Black Rebellion and the Political Imaginations of African American Teachers

Students in a classroom at the Flint River School in Georgia, May 1939 (Photo: Marion Post Wolcott, Farm Security Administration, Schomburg Center for Research in Black Culture).

Nat Turner became an impromptu topic of discussion in my third grade classroom. Ms. Todman had a way of getting her point across that seared it into your mind. She was an older Black woman from North Carolina, teaching at a Black parochial school in Compton, California during the 1990s. We were not taking our task seriously as we prepared for our school’s annual Black history month program. The assignment was to memorize Eloise Greenfield’s poem about Harriet Tubman running in the dead of night to escape bondage, and then returning time and time again to guide others on their path to freedom. The performance included one of my classmates dressing up as Tubman and performing a dramatization of the words we spoke in unison. Ms. Todman explained there was a world so hateful toward Black people that many who came before us gave their life to fight for even the smallest joys we have today. We had to remember these people, to honor their bravery and put some part of it into practice in our lives. Nat Turner wasn’t just killed after his revolt, she stressed. They even took parts of his body as trophies, made clothing accessories from his skin. I remember thinking she must have exaggerated this story. But even if only a fraction of it was true, her point was well taken.

Ms. Todman’s engagement with radical aspects of Black political history, namely historical figures that were willing to respond to Black oppression with violent rebellion, was not an isolated encounter. This trans-curricular moment earmarked a consistent line of thought in the pedagogical history of African American schoolteachers. Black educators historically deployed radical Black historical narratives to stretch students’ imaginations about the possibilities for social transformation. This is most prominently captured in African American teachers’ representation of historical characters such as Tubman, Turner, and Toussaint L’ouveture in textbooks they wrote during Jim Crow.

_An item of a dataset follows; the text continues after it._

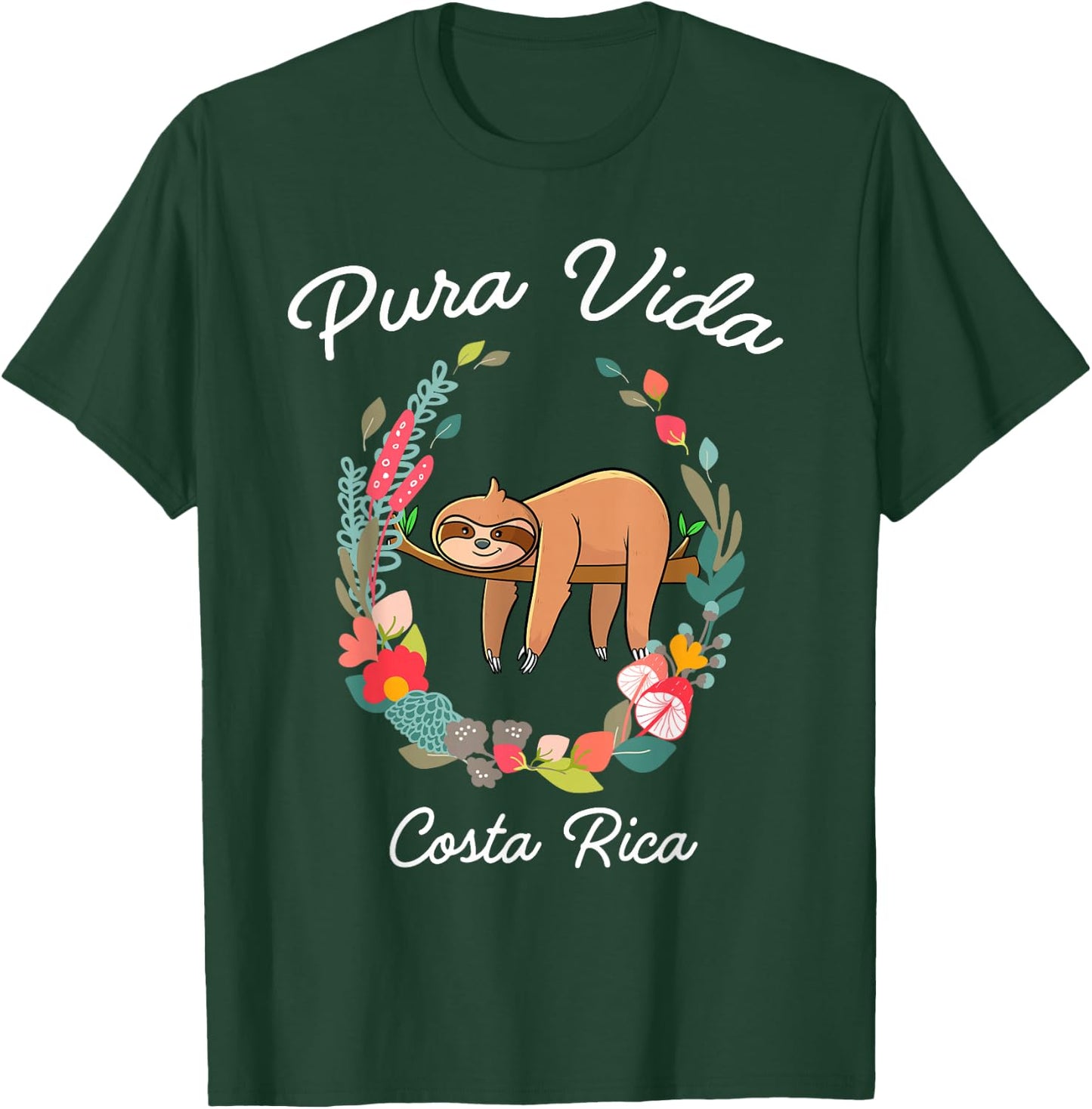 Costa Rica Pura Vida Sloth T-Shirt - T-Shirt | Forest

Black Jim Crow teachers are often represented as middle class, bourgeoisie professionals, beholden to the politics of respectability; implying that an appreciation of Black violent rebellion against white supremacy was outside the purview of their pedagogy and imaginations. However, their political ideologies were much more complex than this flattened narrative suggests. In their own intellectual traditions we see them also representing, in celebratory fashion, some of the least respectable figures (as measured by mainstream social standards of the time)–or, perhaps their enactment of the politics of respectability was more malleable than popular understandings of the term make room for. Certainly their celebrations of Nat Turner and assertion that “he was, undoubtedly, a wonderful character” was not intended to convince white spectators of his, or their, civility.

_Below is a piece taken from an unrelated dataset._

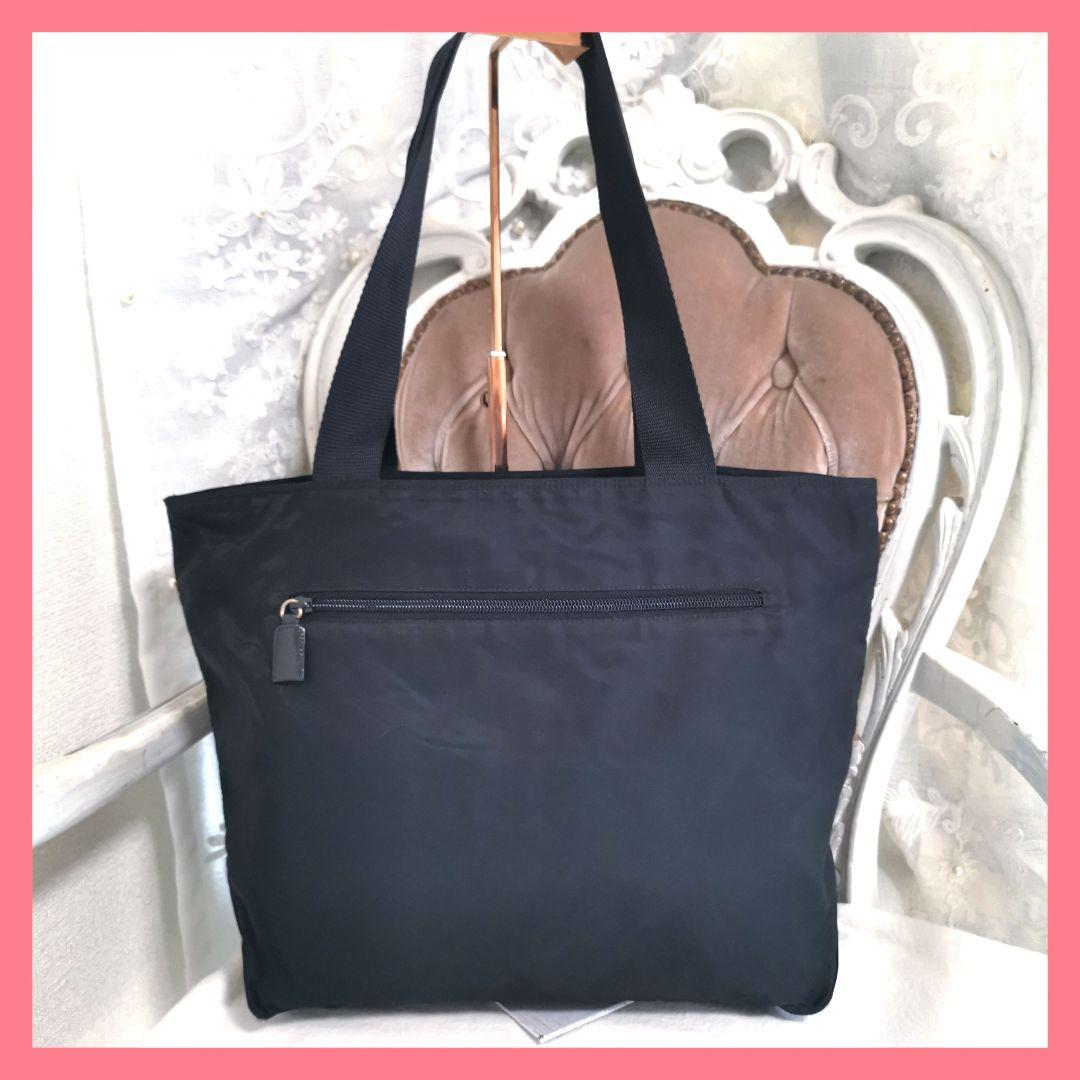 【美品】プラダPRADA 肩掛けトートバッグ 黒ポコノ 鑑定済!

Textbooks written by African American teachers as early as 1890 represented the story of Nat Turner and the Southampton Insurrection of 1831 in heroic fashion. Between 1890 and 1922, there were four textbooks written by scholars who also taught in public schools. Edward Johnson, who was born enslaved in North Carolina, published A Short History of the Negro in America in 1890. Leila Amos Pendleton taught in Washington D.C. public schools and published A Narrative of the Negro in 1912. John Cromwell a formerly enslaved man who also taught in D.C. published The Negro in American History in 1914. Carter G. Woodson was a schoolteacher for nearly thirty years and published seven different textbooks. His first textbook, The Negro In Our History, was published in 1922 and became the most widely circulated of any that preceded it.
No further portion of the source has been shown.